With minimum initial assumptions, we consider scattering problems involving nanowires with random deformations. For thorough analysis, we consider various random distributions, maximum deformation limits, excitations, wire lengths, cross section shapes and frequencies. Some of these parameters, such as the frequency, are omitted in the results of this paper as they do not directly affect the conclusions drawn from these numerical experiments. All problems are solved rigorously using the multilevel fast multipole algorithm (MLFMA)18,19 that allows for three-dimensional modelling of complex objects with arbitrary geometries20,21,22,23,24. Surface integral equations, which are discretized with the Rao-Wilton-Glisson (RWG) functions25, are used to formulate electromagnetics problems. Thanks to the low-complexity of MLFMA, hundreds of simulations become feasible without sacrificing the accuracy of results, allowing for statistically meaningful analysis of deformations. Based on the simulation results, we identify some common effects of deformations on scattering properties of nanowires, in contrast to unique scattering characteristics of perfect nanowires.

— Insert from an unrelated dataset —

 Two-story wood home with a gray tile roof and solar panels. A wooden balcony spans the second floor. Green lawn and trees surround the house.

Based on the background information above, main motivations of this work can be emphasised as follows:

  • Systematically investigating the effects of deformations on scattering properties of nanowires, hence providing more realistic simulations of real-life scenarios involving these important structures.

  • Performing hundreds of simulations using a powerful three-dimensional solver such that statistically meaningful analysis of random deformations becomes possible.

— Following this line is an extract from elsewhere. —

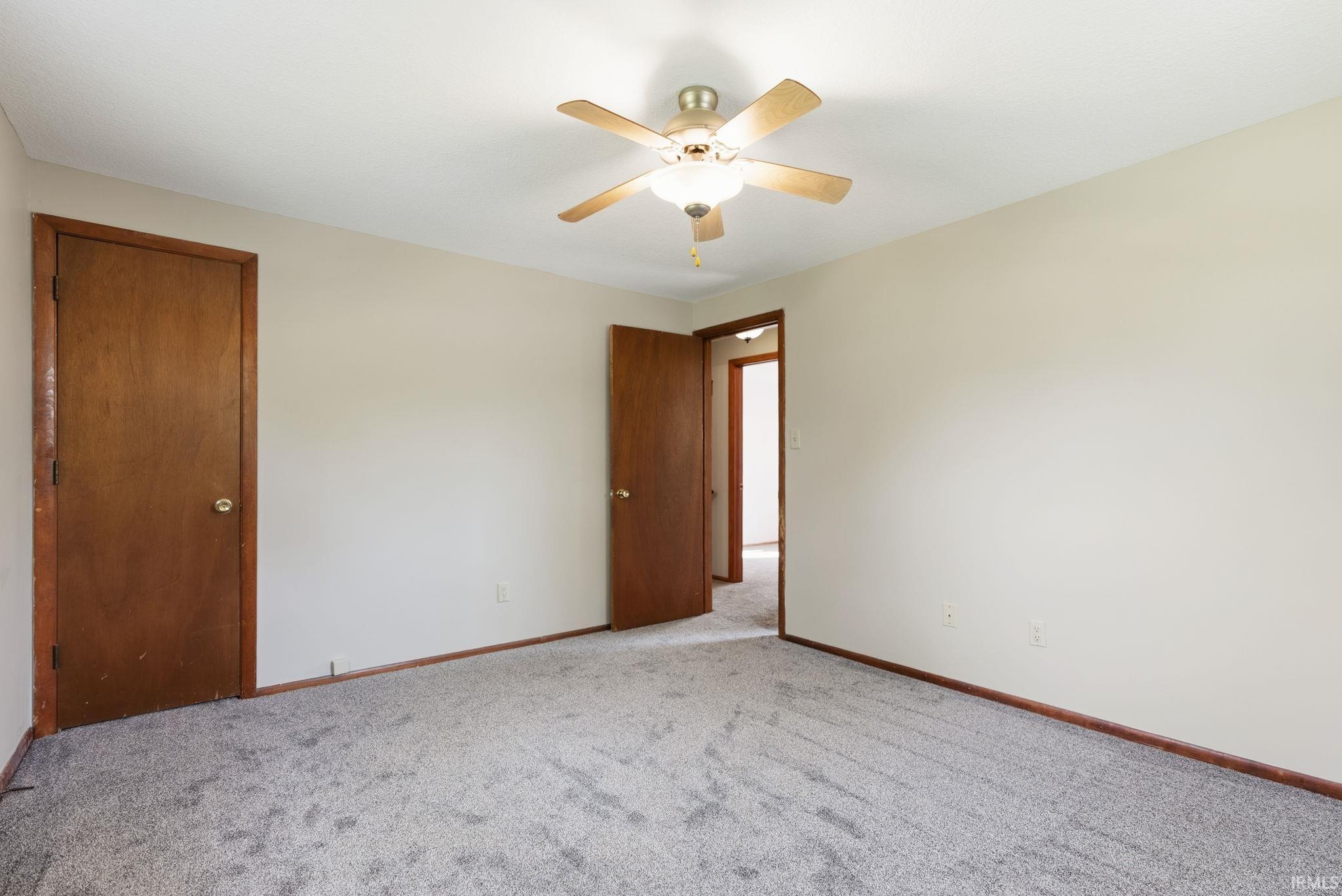 Carpeted interior space with light-toned walls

  • Characterising dependencies of scattering properties of nanowires at critical angles, such as backscattering and forward-scattering directions, to the severity of deformations.

While the main purpose of this work is to provide realistic data to support experimental analysis of nanowires, we also present a super-linear enhancement in their forward-scattered abilities via deformations, which may have practical values in various applications, such as light trapping and imaging.

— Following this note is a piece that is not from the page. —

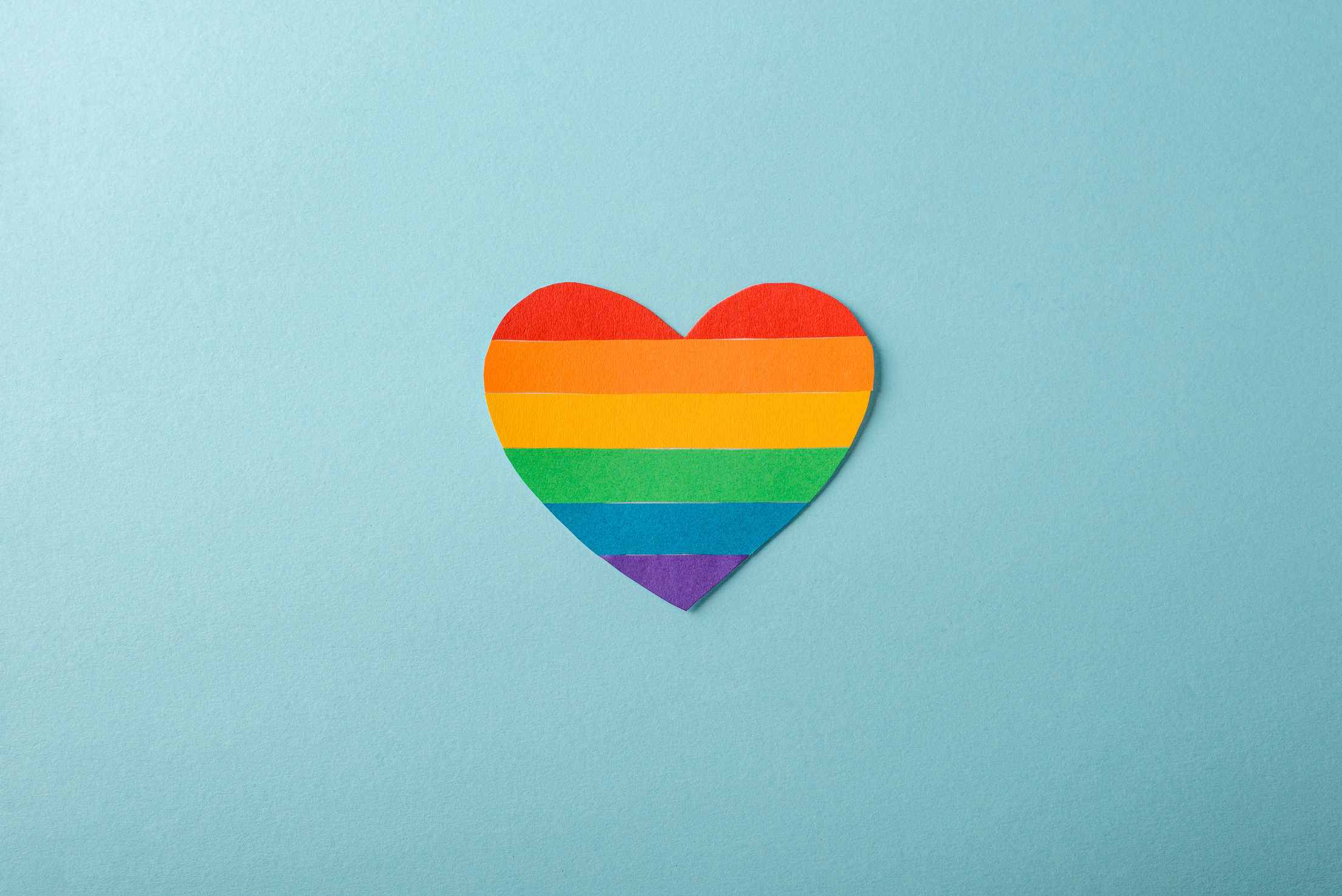 Rainbow heart on blue. LGBT flag, gay pride concept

Computational Analysis of Nanowires Using MLFMA

We consider far-zone scattering from metallic nanowires, which are modelled as perfectly conducting. Such problems can be formulated with the electric-field integral equation (EFIE), the magnetic-field integral equation (MFIE) and the combined-field integral equation (CFIE) that is a convex combination of EFIE and MFIE. Even though MFIE and CFIE are known to be ideal formulations for quick convergence of iterative solutions, they lead to significantly inaccurate results for nanowires, as shown below. Therefore, EFIE is preferred for rigorous analysis of perfect and deformed nanowires. Discretizations of integral equations via the RWG functions lead to N × N dense matrix equations, where N is the number of unknowns. The resulting matrix equations are solved iteratively, where the matrix-vector multiplications are performed efficiently with MLFMA.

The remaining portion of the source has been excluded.